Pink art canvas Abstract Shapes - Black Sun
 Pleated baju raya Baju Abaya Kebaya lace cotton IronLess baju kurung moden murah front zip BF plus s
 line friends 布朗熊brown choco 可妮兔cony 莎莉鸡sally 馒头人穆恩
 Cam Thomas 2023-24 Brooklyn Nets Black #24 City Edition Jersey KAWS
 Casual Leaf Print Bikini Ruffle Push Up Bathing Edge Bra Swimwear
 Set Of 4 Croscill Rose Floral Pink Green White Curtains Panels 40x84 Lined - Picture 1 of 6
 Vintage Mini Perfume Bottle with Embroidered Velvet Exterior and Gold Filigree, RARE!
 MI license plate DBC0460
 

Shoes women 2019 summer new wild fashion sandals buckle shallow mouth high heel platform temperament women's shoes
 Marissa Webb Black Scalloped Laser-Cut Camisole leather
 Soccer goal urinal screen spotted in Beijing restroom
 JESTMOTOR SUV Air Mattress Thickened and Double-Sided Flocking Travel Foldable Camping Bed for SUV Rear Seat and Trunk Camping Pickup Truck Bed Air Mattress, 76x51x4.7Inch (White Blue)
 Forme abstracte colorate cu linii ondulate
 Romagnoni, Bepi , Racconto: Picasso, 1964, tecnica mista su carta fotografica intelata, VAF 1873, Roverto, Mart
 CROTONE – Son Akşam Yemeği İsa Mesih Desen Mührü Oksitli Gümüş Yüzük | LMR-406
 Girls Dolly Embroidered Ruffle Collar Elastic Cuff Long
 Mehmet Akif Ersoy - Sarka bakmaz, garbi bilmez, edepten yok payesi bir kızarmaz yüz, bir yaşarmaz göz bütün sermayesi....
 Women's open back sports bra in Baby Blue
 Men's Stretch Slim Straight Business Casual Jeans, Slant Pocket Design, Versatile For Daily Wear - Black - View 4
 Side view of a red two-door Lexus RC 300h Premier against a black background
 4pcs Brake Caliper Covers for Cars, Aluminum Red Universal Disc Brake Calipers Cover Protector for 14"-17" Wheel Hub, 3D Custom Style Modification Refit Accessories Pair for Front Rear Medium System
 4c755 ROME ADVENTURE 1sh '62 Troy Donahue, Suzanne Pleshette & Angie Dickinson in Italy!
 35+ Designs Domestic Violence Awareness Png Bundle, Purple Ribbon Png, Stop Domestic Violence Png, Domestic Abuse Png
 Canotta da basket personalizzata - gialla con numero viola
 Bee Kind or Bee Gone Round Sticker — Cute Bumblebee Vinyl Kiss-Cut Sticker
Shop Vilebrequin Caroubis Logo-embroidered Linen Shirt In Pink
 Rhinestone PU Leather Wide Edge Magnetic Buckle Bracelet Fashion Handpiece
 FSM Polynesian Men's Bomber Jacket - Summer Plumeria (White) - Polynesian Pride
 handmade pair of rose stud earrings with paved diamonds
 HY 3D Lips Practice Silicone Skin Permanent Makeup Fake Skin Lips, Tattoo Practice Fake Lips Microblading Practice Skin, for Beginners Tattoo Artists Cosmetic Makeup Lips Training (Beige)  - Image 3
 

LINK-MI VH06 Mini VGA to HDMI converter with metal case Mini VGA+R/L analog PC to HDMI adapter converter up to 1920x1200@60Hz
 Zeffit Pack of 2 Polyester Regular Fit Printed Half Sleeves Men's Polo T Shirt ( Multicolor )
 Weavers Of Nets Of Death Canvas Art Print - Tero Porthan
-=-=-=-=-
*Task details:*
Retype exactly the lines from the one containing "4pcs Brake Caliper" through the last line of the records above, including both.

*Solution for this task:*
 4pcs Brake Caliper Covers for Cars, Aluminum Red Universal Disc Brake Calipers Cover Protector for 14"-17" Wheel Hub, 3D Custom Style Modification Refit Accessories Pair for Front Rear Medium System
 4c755 ROME ADVENTURE 1sh '62 Troy Donahue, Suzanne Pleshette & Angie Dickinson in Italy!
 35+ Designs Domestic Violence Awareness Png Bundle, Purple Ribbon Png, Stop Domestic Violence Png, Domestic Abuse Png
 Canotta da basket personalizzata - gialla con numero viola
 Bee Kind or Bee Gone Round Sticker — Cute Bumblebee Vinyl Kiss-Cut Sticker
Shop Vilebrequin Caroubis Logo-embroidered Linen Shirt In Pink
 Rhinestone PU Leather Wide Edge Magnetic Buckle Bracelet Fashion Handpiece
 FSM Polynesian Men's Bomber Jacket - Summer Plumeria (White) - Polynesian Pride
 handmade pair of rose stud earrings with paved diamonds
 HY 3D Lips Practice Silicone Skin Permanent Makeup Fake Skin Lips, Tattoo Practice Fake Lips Microblading Practice Skin, for Beginners Tattoo Artists Cosmetic Makeup Lips Training (Beige)  - Image 3
 

LINK-MI VH06 Mini VGA to HDMI converter with metal case Mini VGA+R/L analog PC to HDMI adapter converter up to 1920x1200@60Hz
 Zeffit Pack of 2 Polyester Regular Fit Printed Half Sleeves Men's Polo T Shirt ( Multicolor )
 Weavers Of Nets Of Death Canvas Art Print - Tero Porthan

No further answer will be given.